Advantages and Pitfalls
“What’s particularly compelling about these national databases is that they’re designed so that the results can be representative of how the whole United States utilizes and provides ambulatory care,” said Jennifer J. Shin, MD, SM, associate professor of otolaryngology– head and neck surgery at Harvard Medical School in Boston.
The AAO-HNS Reg-ent database continues to grow, with more than 19 million office visits recorded in 2020, up from about 3 million in 2016. In addition, there is a good spread in the age of the patients for which data are collected, Dr.
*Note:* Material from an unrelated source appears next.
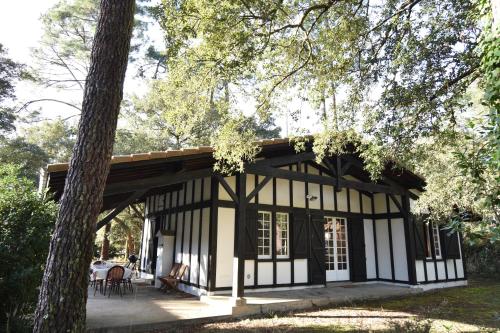 Hossegor « La landaise » Belle villa landaise pour 6 personnes.
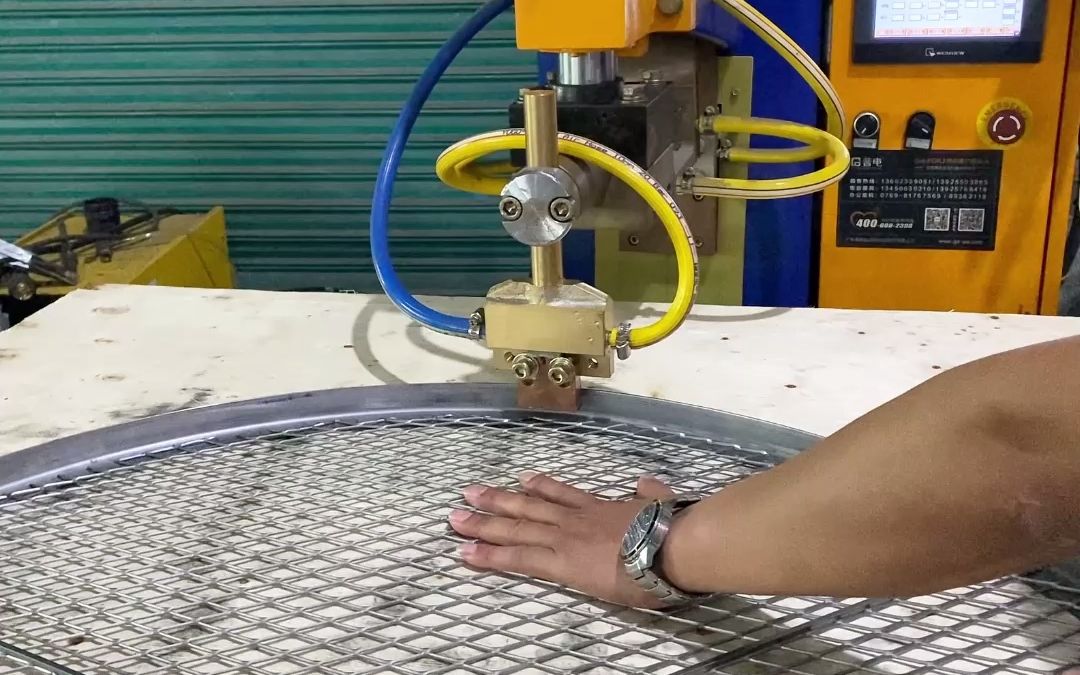 普电点焊机点焊户外烧烤炉线网2mm不锈钢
Shin said. “Even in the age groups that are the least populated, there’s still a pretty good amount of patients, and this is really helpful,” she said. “In Reg-ent, the population is nicely filled out. It looks to be a really good resource from that respect.”
David O. Francis, MD, associate professor of surgery at the University of Wisconsin, Madison, cautioned that pitfalls abound when using big data. Hundreds of paper submissions are never even sent out for peer review because of flaws in their technique or because they try to answer a research question that can’t be addressed with the dataset in use.
What’s particularly compelling about these national databases is that they’re designed so that the results can be representative of how the whole United States utilizes and provides ambulatory care. —Jennifer J. Shin, MD, SM
“Most of us, when we consider these database projects, especially when we read them, just think, ‘Hey these people put a bunch of data into the computer and it spit out facts,’” he said. “But to do it properly is much more complicated because the data are imperfect. All data collected are imperfect. Data are collected for different purposes.” There’s a risk of spreading false information if data use isn’t properly considered.
When setting out on a big data research project, said Dr. Francis, researchers should:
- Make sure their project is hypothesis driven, rather than making use of data mining in search of relationships. With such large amounts of data, statistically significant associations are plentiful, but that doesn’t mean they aren’t spurious or that the associations are relevant.
- Seek institutional review board approval and comply with data use agreements.
- Do the “homework” of understanding the peculiarities of the database and make sure to use appropriate variables and methodologies— administrative data and clinical data are not the same, for instance.
- Clearly define inclusion and exclusion criteria.
- Identify potential confounders and use risk adjustment to minimize bias.
- Account for updates and changes to variables over time.
- Identify and address competing risks.
- Determine how to handle missing data.
- Have a clear take-home message.
“This should all be thought about before you even start the study,” he said. “What are you trying to say, what are you trying to study? As you move on, you need to think about what your message is and how your research advances current knowledge.”
Thomas R. Collins is a freelance medical writer based in Florida.